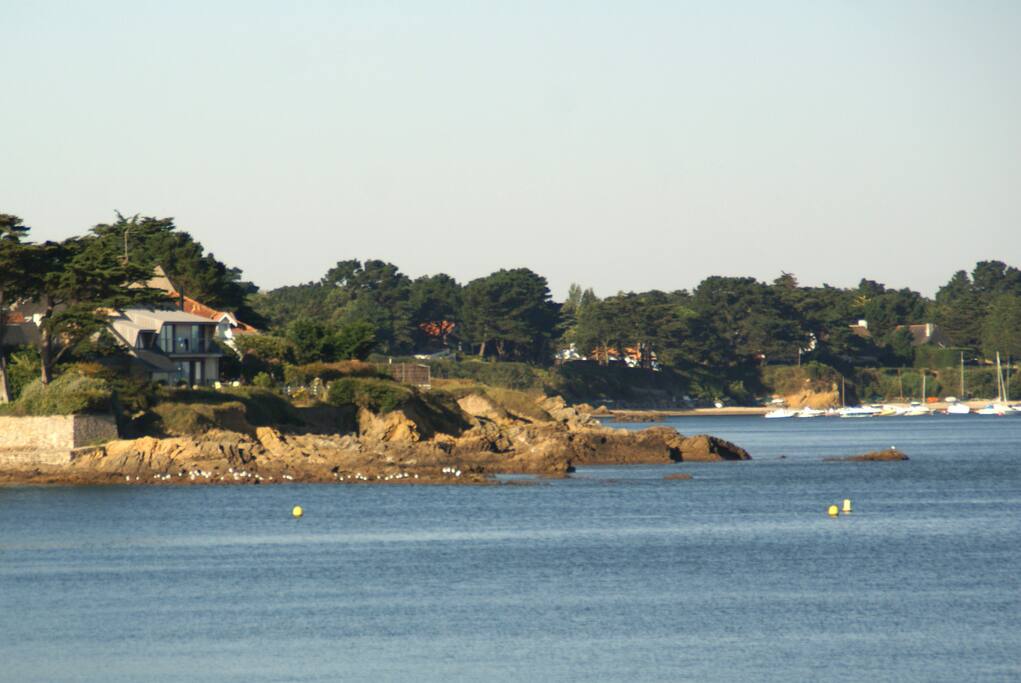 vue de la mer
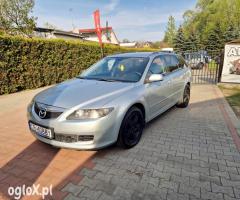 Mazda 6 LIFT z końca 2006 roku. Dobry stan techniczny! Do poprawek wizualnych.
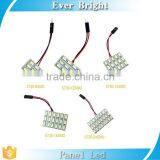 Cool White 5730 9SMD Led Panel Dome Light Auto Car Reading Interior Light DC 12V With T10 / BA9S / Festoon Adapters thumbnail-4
━━━━
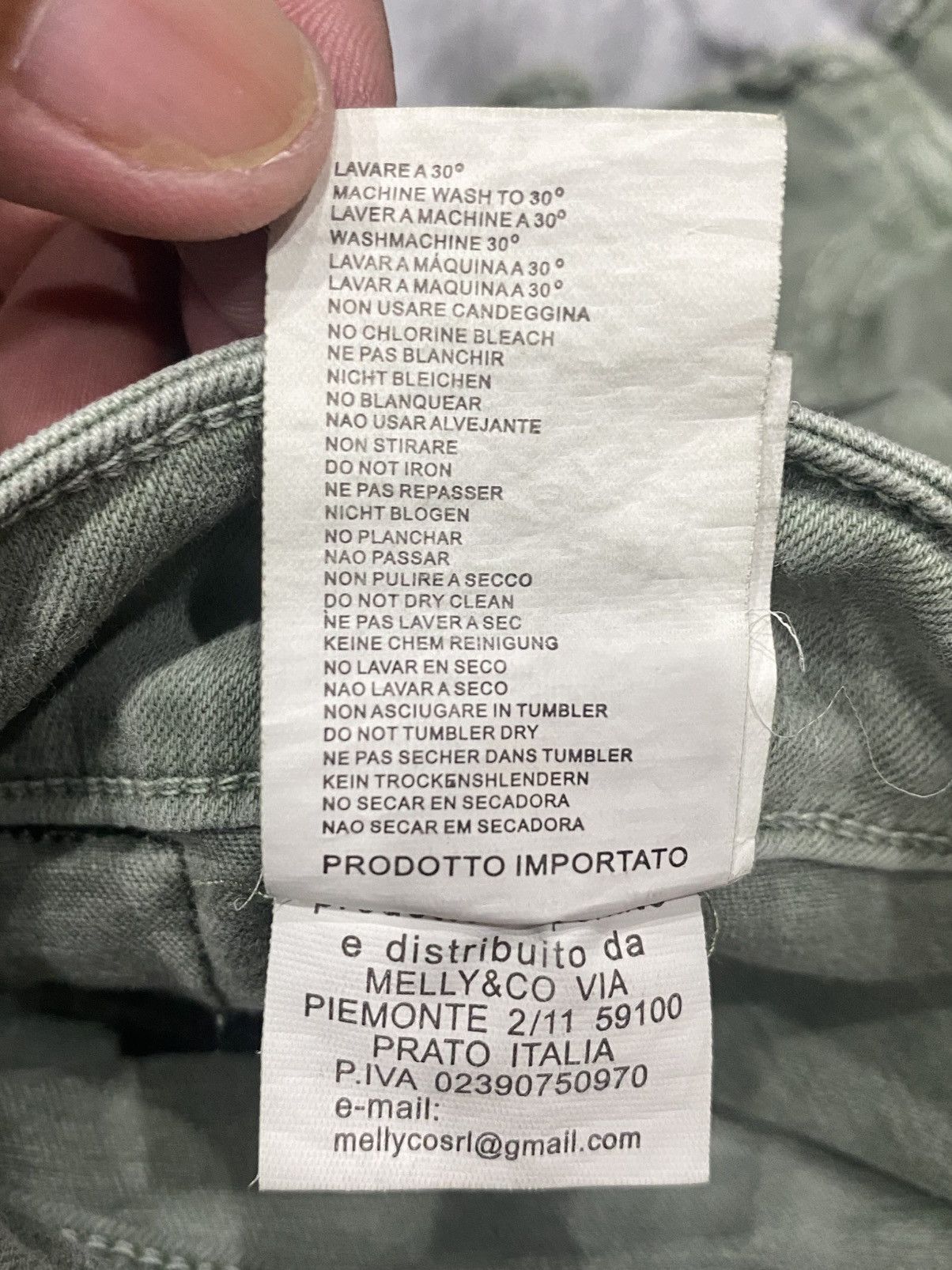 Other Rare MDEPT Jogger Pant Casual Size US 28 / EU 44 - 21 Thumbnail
━━━━
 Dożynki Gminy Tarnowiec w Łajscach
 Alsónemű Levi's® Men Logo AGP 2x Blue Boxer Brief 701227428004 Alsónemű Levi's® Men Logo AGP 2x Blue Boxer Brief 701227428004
━━━━
Both boundary lines included, write out word for word only the lines above from the one containing "vue de la mer" to the one containing "Cool White 5730", leaving out any pictures.

 vue de la mer
 Mazda 6 LIFT z końca 2006 roku. Dobry stan techniczny! Do poprawek wizualnych.
 Cool White 5730 9SMD Led Panel Dome Light Auto Car Reading Interior Light DC 12V With T10 / BA9S / Festoon Adapters thumbnail-4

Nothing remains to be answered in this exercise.